The lines below, from the one holding "12 Gitter 3D" through the final line, are to be copied exactly, with no other lines and no pictures.
===
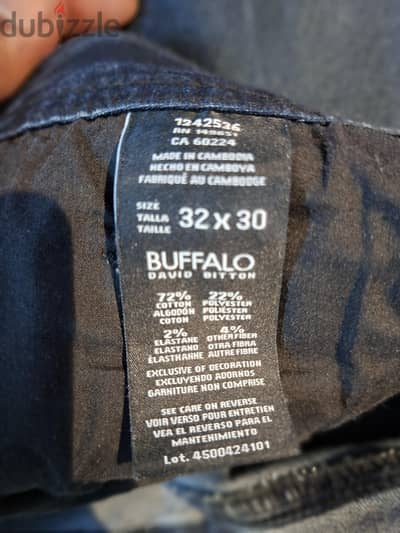 بنطلون جينز بوفالو أوريجينال Buffalo David Bitton مقاس 32 Slim Stretch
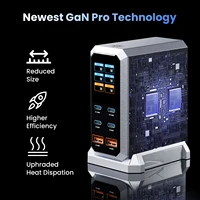 240W GaN Charger 6-IN-1 140W PD3.1 PPS USB Type C Digital Display Fast Charging Station for iPhone 16 15 MacBook Laptops Samsung 6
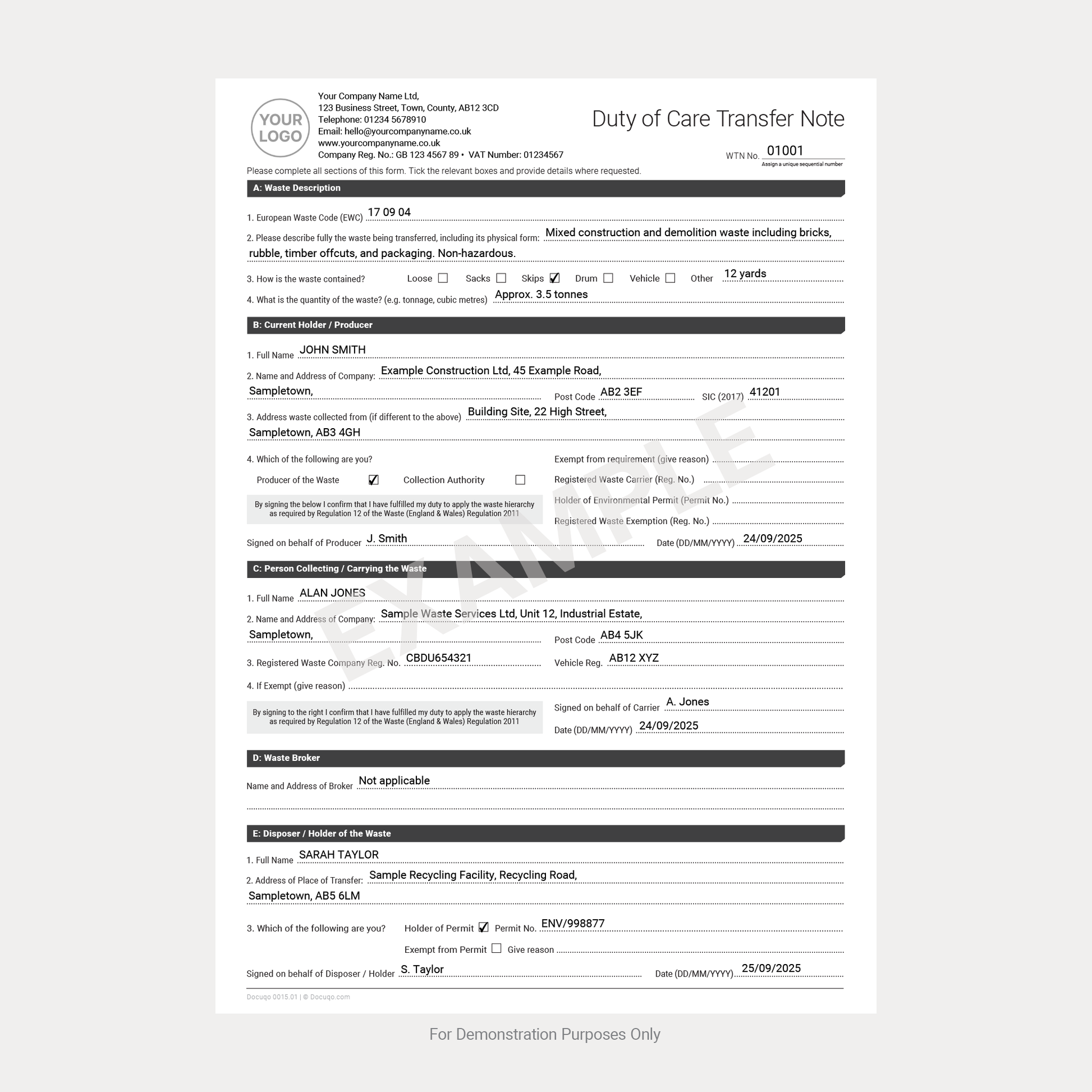 Transfer Waste Note Complete Example Duty of Care Waste Transfer Note Template UK – A4 PDF (Docuqo 0015)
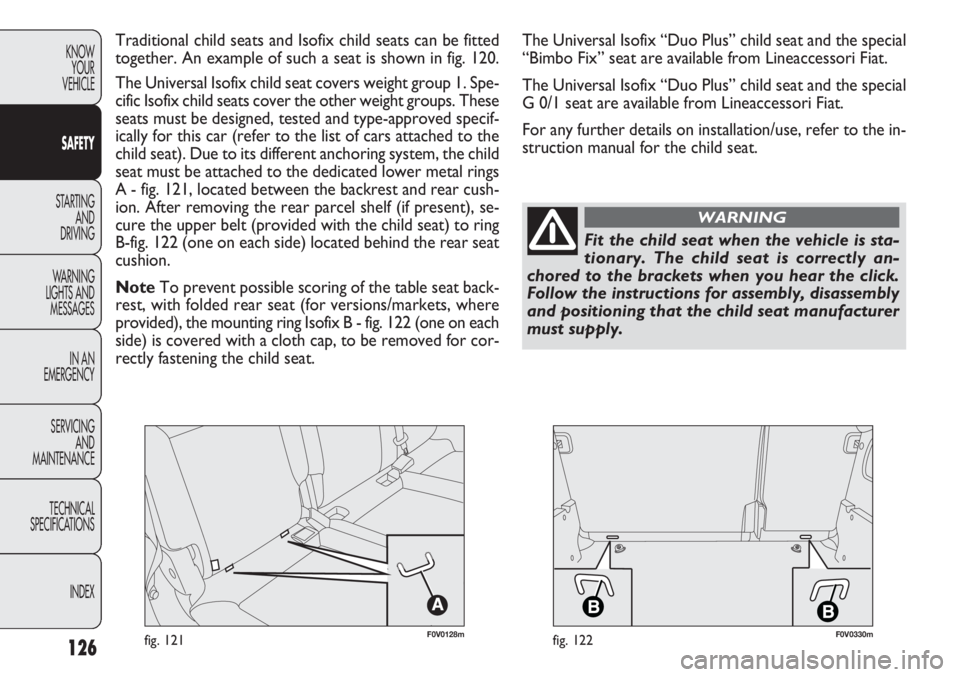 FIAT DOBLO COMBI 2012  Owner handbook (in English) 126
KNOWYOUR
VEHICLE
SAFETY
STARTING  AND
DRIVING
W ARNING 
LIGHTS AND MESSAGES
IN AN 
EMERGENCY
SERVICING AND
MAINTENANCE
TECHNICAL
SPECIFICA

TIONSINDEX
F0V0128mfig. 121F0V0330mfig. 122
Traditional 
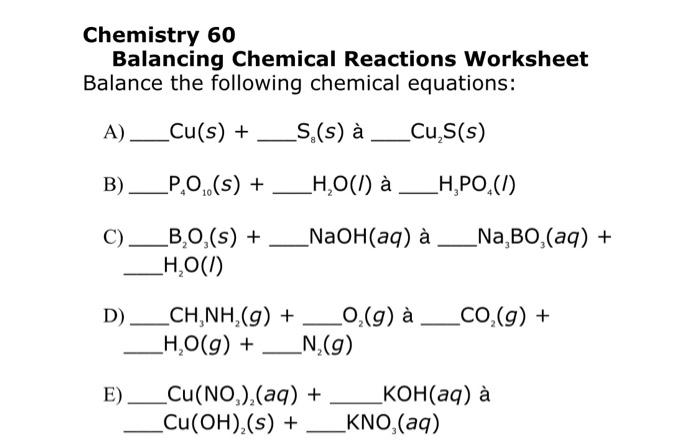 Balancing Chemical Equations Worksheet Laney Lee Worksheets Library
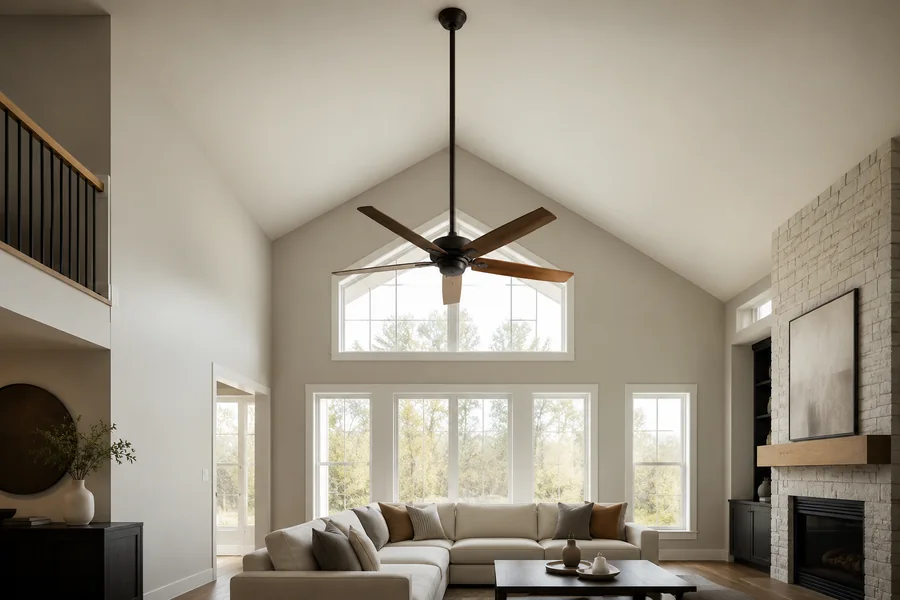 High ceiling living room ceiling fan with downrod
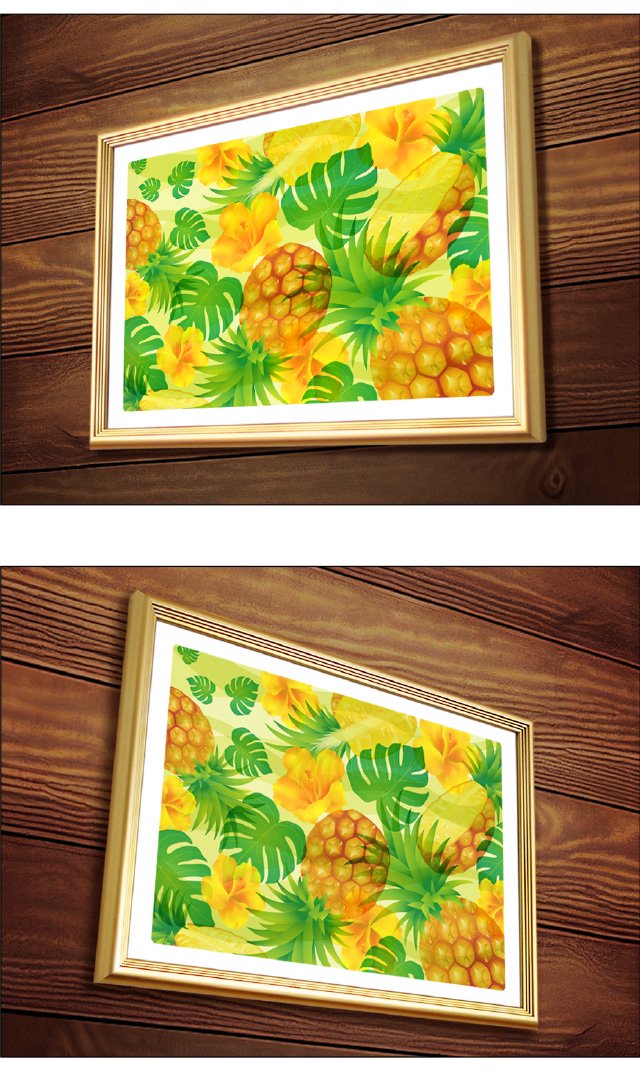 風水果実アートパイナップル＆モンステラの様々な角度からのイメージ写真レフト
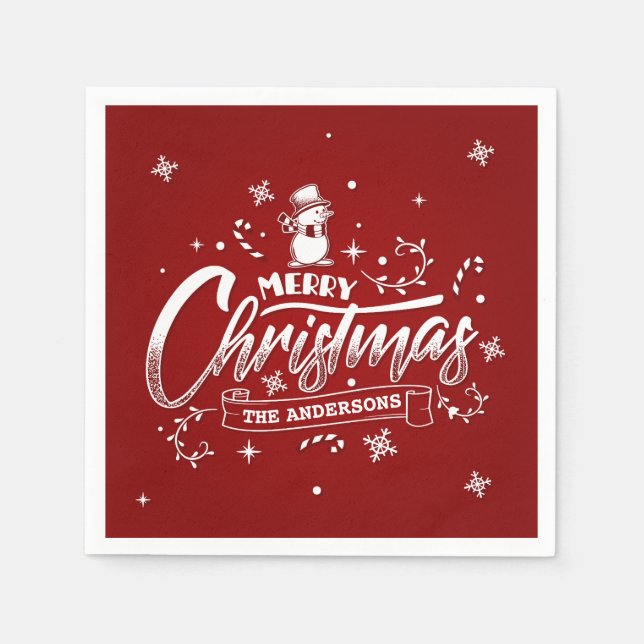 Simple Personalised Snowman Christmas | Napkin (Front)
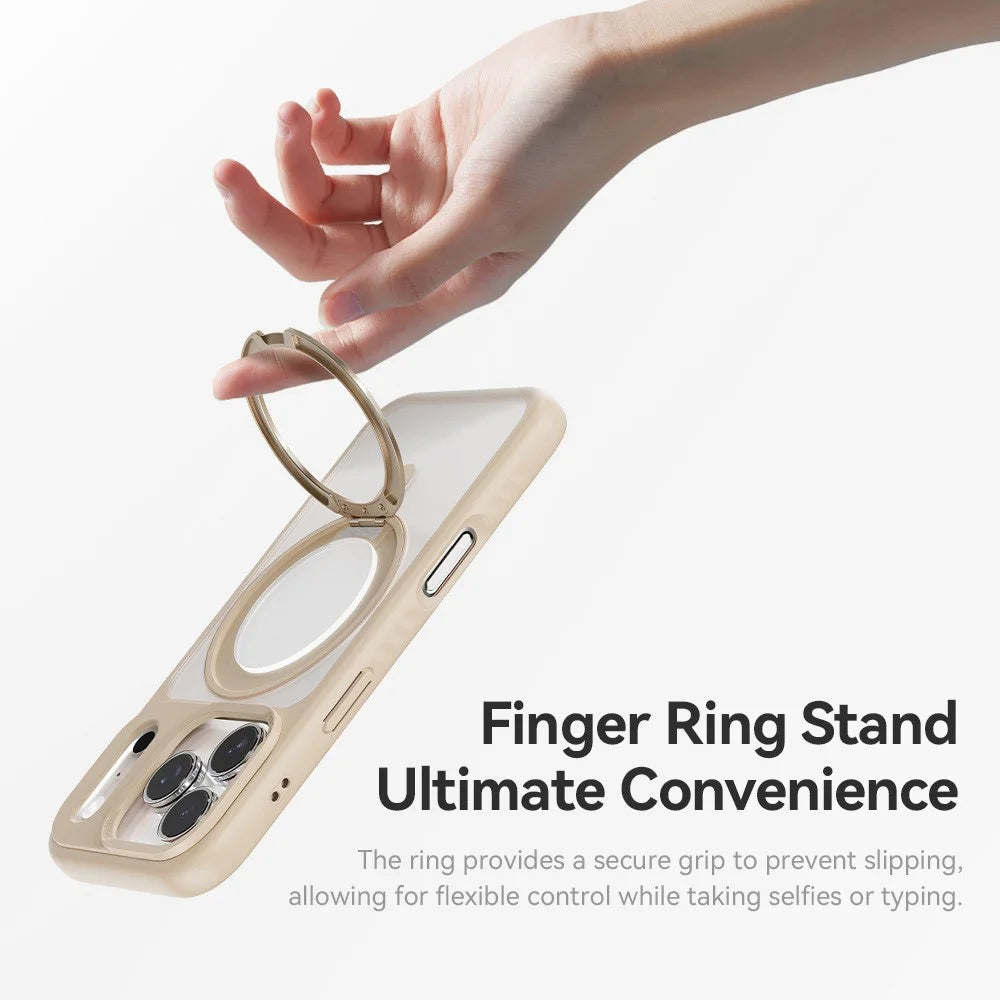 ROCK For iPhone 17 Pro Case with Magnetic Rotating Kickstand Skin-Feel PC + TPU Phone Cover - Gold - 3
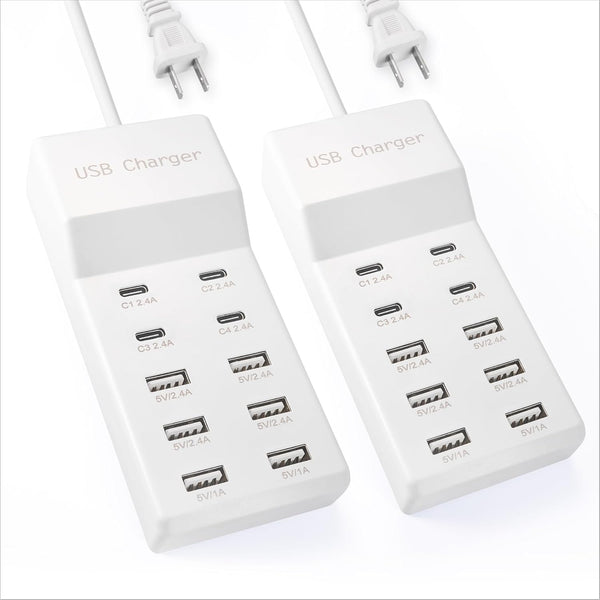 USB Charging Station with 6 USB-A and 4 USB-C Ports, 50W 10A USB Charger Block for Smart Phone, Tablet, Laptop, Multiple Devices - USB Power Strip with Auto-Detect Technology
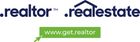 Logo for Realtor.com with a blue roof graphic, and a green button that says 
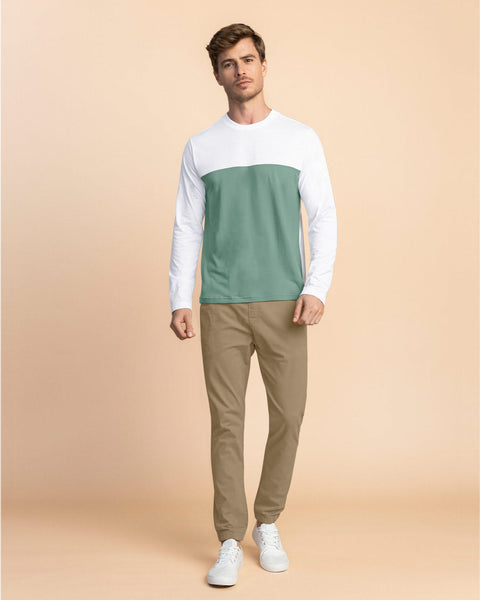 Camiseta manga larga bloque de color para hombre#color_601-verde-blanco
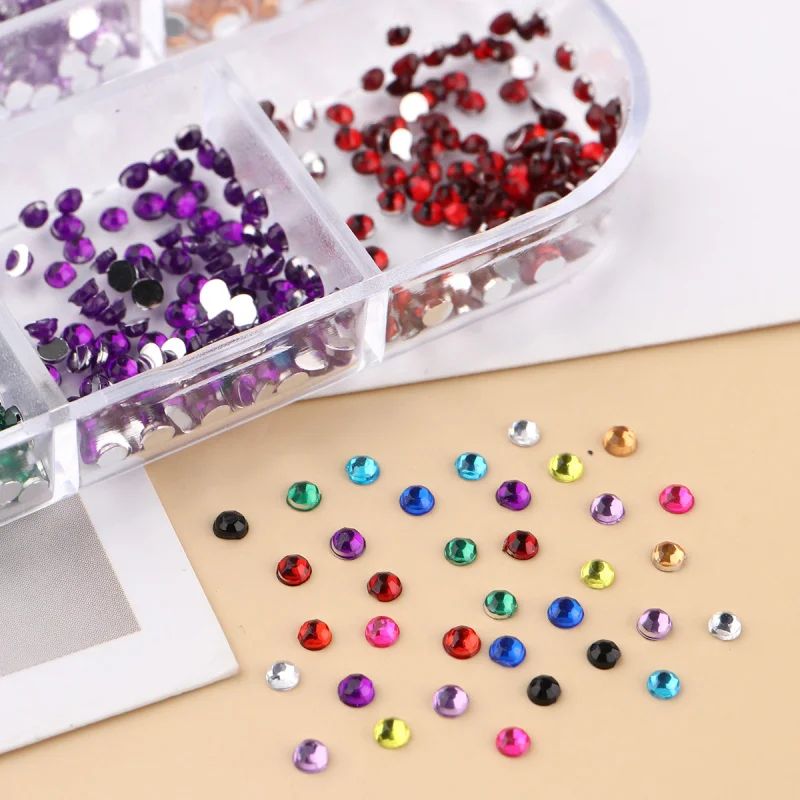 12 Gitter 3D Mini Bunte Nagelrhinesteine Elegante Rhombus-, Mond-, Stern-, Herz-, Blumen- und Mehrform-Flachsteine Nagelkunst-Dekoration – Detail 8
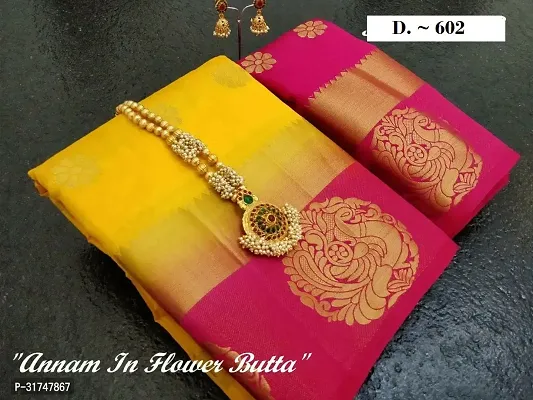 Beautiful Silk Blend Yellow Woven Design  Saree with Blouse piece For Women-thumb0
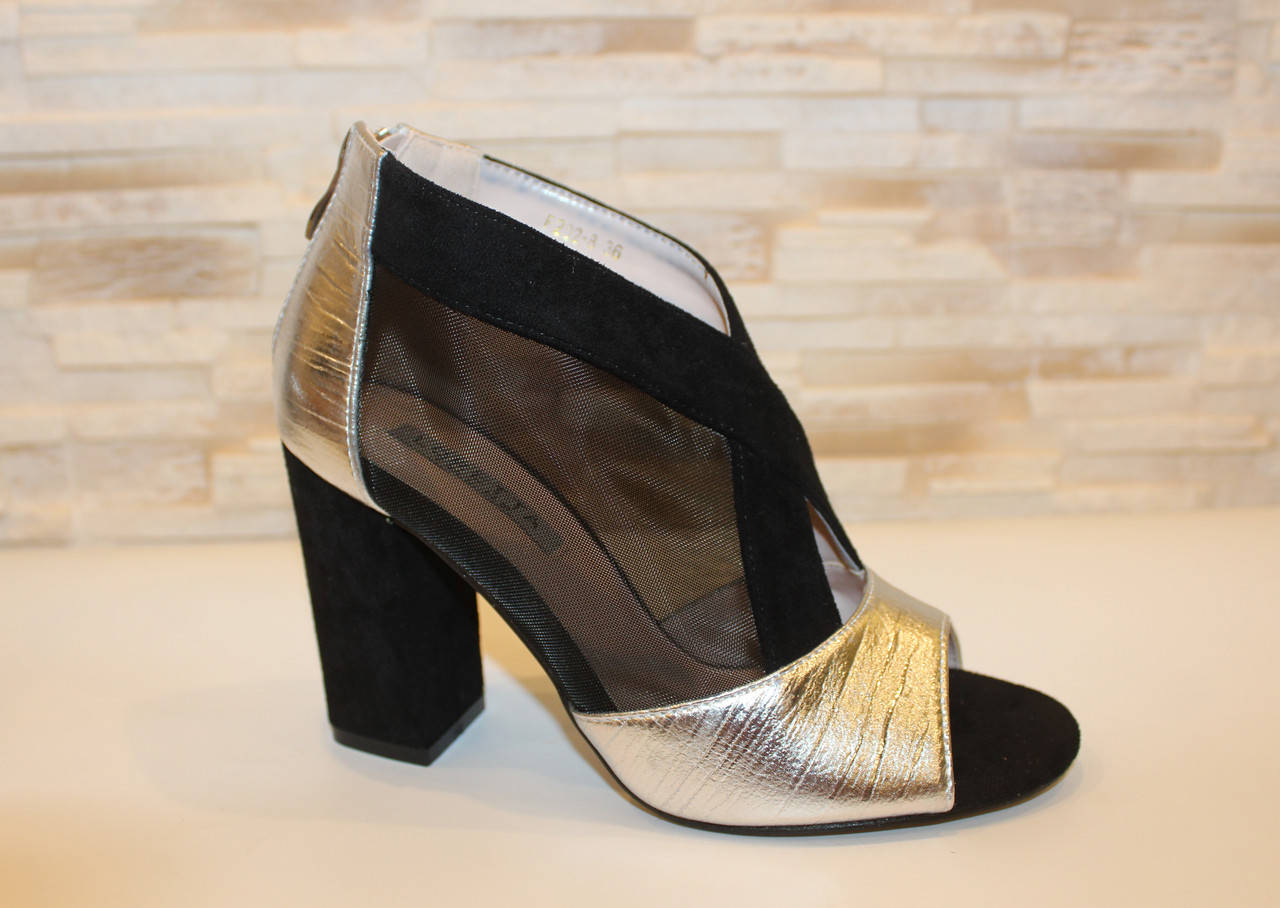 

Босоножки женские на каблуке черные с серебристым Б1233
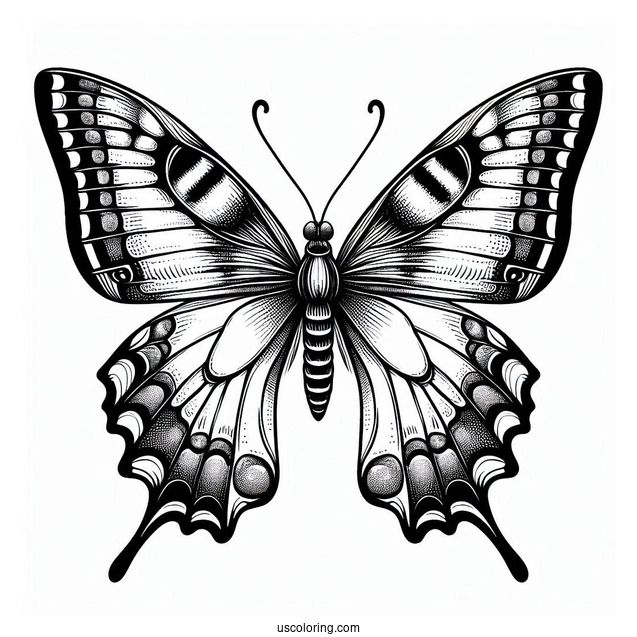 Swallowtail Butterfly With Detailed Wings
===
### SOLUTION
 12 Gitter 3D Mini Bunte Nagelrhinesteine Elegante Rhombus-, Mond-, Stern-, Herz-, Blumen- und Mehrform-Flachsteine Nagelkunst-Dekoration – Detail 8
 Beautiful Silk Blend Yellow Woven Design  Saree with Blouse piece For Women-thumb0

Босоножки женские на каблуке черные с серебристым Б1233
 Swallowtail Butterfly With Detailed Wings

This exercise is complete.